## Work instructions:
Return all lines of the data in which the string "Treatment" occurs.
Data records Start Marker
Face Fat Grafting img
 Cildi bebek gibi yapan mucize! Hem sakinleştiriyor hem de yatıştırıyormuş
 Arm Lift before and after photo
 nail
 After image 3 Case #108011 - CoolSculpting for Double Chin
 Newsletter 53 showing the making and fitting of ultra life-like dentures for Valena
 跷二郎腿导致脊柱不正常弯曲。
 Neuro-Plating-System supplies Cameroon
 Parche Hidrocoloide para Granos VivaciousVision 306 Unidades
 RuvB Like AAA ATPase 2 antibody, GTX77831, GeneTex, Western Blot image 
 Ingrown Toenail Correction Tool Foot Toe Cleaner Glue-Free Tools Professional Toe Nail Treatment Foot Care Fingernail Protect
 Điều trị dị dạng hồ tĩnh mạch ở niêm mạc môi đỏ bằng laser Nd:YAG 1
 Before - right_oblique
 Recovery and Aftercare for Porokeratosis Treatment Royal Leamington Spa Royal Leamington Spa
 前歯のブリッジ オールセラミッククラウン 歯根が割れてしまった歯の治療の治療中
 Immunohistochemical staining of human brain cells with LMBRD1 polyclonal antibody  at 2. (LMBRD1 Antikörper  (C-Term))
Data records End Marker
## The completed task:
 Ingrown Toenail Correction Tool Foot Toe Cleaner Glue-Free Tools Professional Toe Nail Treatment Foot Care Fingernail Protect
 Recovery and Aftercare for Porokeratosis Treatment Royal Leamington Spa Royal Leamington Spa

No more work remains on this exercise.